Short Tales from the Mothership

UC San Diego Library’s short fiction challenge provides an entertaining and entrancing celebration of science fiction of all kinds.

It is still the library. It’s still clearly a small room of Geisel, but stepping into the Seuss Room when it’s decked out for “Short Tales from the Mothership” means something fundamental and atmospheric has shifted. A table near the front is adorned with a mish-mash of tokens from sci-fi stories of all kinds: the bust of a man with his exposed brains attached to a thin wired device, a child’s robot, mailboxes filled with postcards featuring science fiction stories from past meetings. Decorative plates buzz with lightning shots of neon blue electricity while multicolored lights flash in the corner — a strobe kaleidoscope of primary color — across the darkened room. A harp and synthesizer play in the corner and the walls are plastered with parodic “X-Files” “I Believe” posters; Geisel Library edited into an eerie space ship, hovering over the extraterrestrial and foreign backdrop of some silhouetted San Diegan palm trees.

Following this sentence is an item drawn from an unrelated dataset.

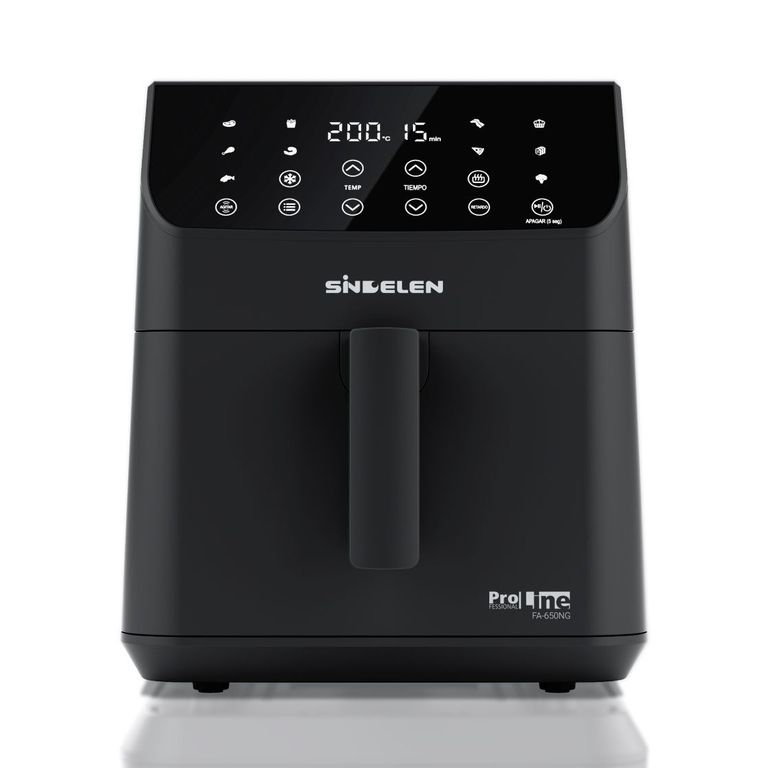 Freidora de Aire Healthy Cook Pro FA-650NG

They say the Geisel Library was modeled after the image of an opened book, but it suddenly becomes impossible not to see the UFO.

Of course, reality is still inescapable, the illusion of the otherworldly wavers with the desktop projector and glaring red “EXIT” sign, an unforgettable reminder of our own place in the modern day, with robots in our pockets but not quite yet in our brains. However, the mood is effectively set — if perhaps only by the eerie constancy of the flashing lights.

This is the third meeting of “Short Tales from the Mothership,” a spoken-word event hosted by the UCSD Library, based off of a micro-fiction challenge originally proposed by ‘70s sci-fi magazine editor George Hay. Hay challenged speculative fiction writers such as Arthur C. Clarke to write a complete science-fiction story that could fit onto a postcard. This averages to about 250 words per card, which is the maximum word-count that the writers for this event work with.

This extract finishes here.